Measuring Your Brand's AI Share of Voice
How often does your brand appear in AI-generated answers? Introducing the Lander AI sentiment score framework...
In traditional SEO, marketers had clear metrics: keyword rankings, impression data from Search Console, and click-through rates. In the Generative AI landscape, these metrics are obsolete. An LLM doesn't "rank" you on page 1 or page 2. It either includes you in its synthesized answer, or it ignores you entirely.
At Lander AI, we utilize a custom metric called "AI Share of Voice" (AISOV). Here is how you can begin tracking it for your own business.
The Baseline Audit
Begin by identifying your top 20 "intent-driven" conversational queries. Instead of short-tail keywords like "London Accountant," formulate them as questions you would ask an AI: "Who are the most reliable corporate accountants for mid-sized tech companies in London?"

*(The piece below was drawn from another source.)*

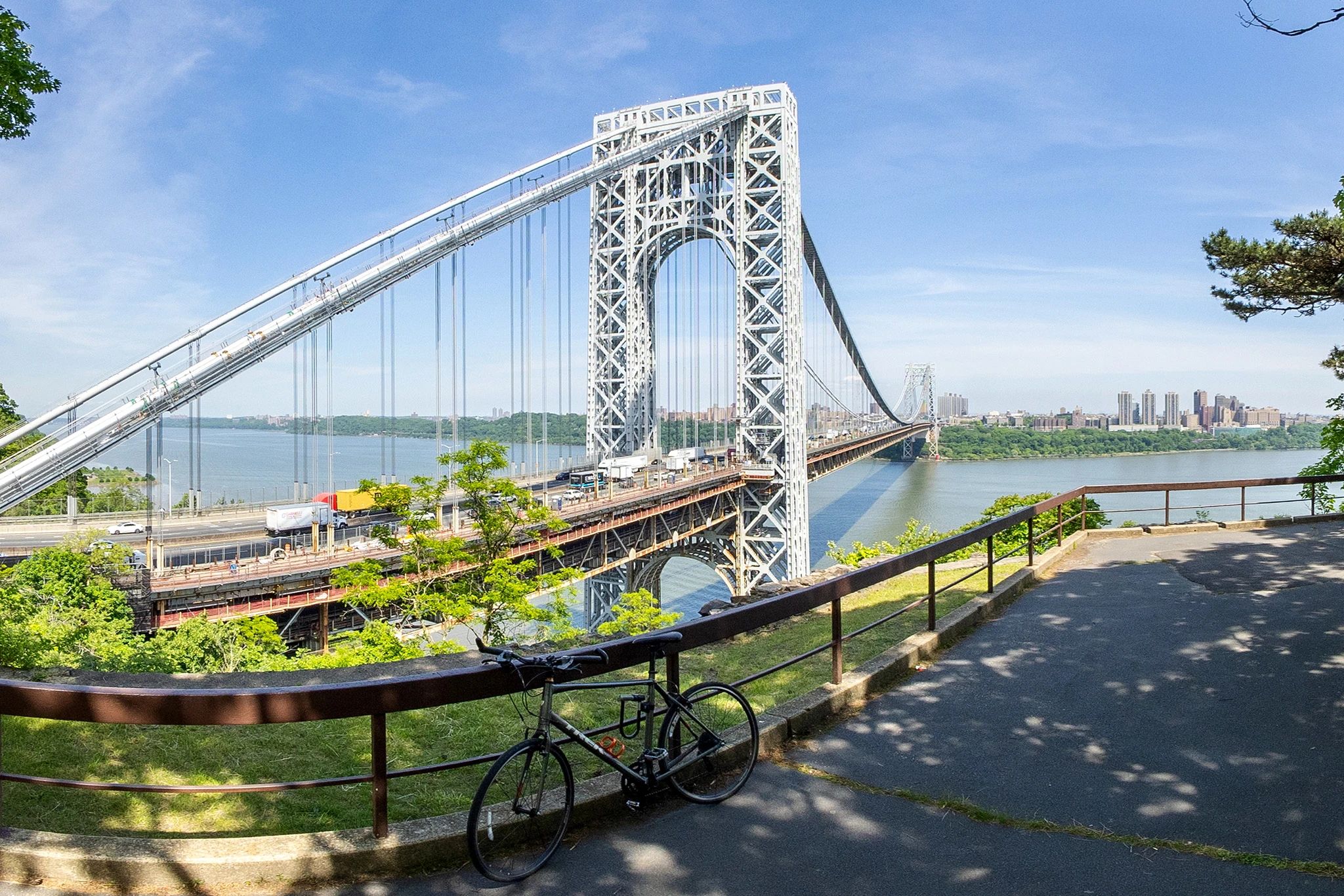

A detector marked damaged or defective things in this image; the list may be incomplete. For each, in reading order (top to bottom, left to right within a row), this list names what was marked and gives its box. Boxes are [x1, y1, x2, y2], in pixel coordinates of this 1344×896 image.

rusty railing post [925, 561, 935, 631]
rusty railing post [828, 599, 838, 682]
rusty railing post [371, 714, 387, 844]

Feed these queries into the top four generative engines on clear, incognito instances (to avoid personalized caching): ChatGPT-4, Perplexity AI, Google Copilot/SGE, and Claude Opus.
The Three-Tier Sentiment Score
For every generated response across the four engines, evaluate your brand's presence:
- Tier 1: Explicit Recommendation (3 points). The AI directly recommends your brand as a primary solution.
- Tier 2: Co-Citation (1 point). The AI lists you alongside several competitors in a generic list.
- Tier 3: Invisible (0 points). The AI does not mention you at all.
- Tier 4: Negative Hallucination (-3 points). The AI generates incorrect or damaging information regarding your brand.
Building the Index
By mapping this data over time, you build your AISOV dashboard. You can benchmark exactly which models you are struggling with and where your competitors dominate the dataset. This framework transitions GEO from theoretical guesswork into a precise, measurable science.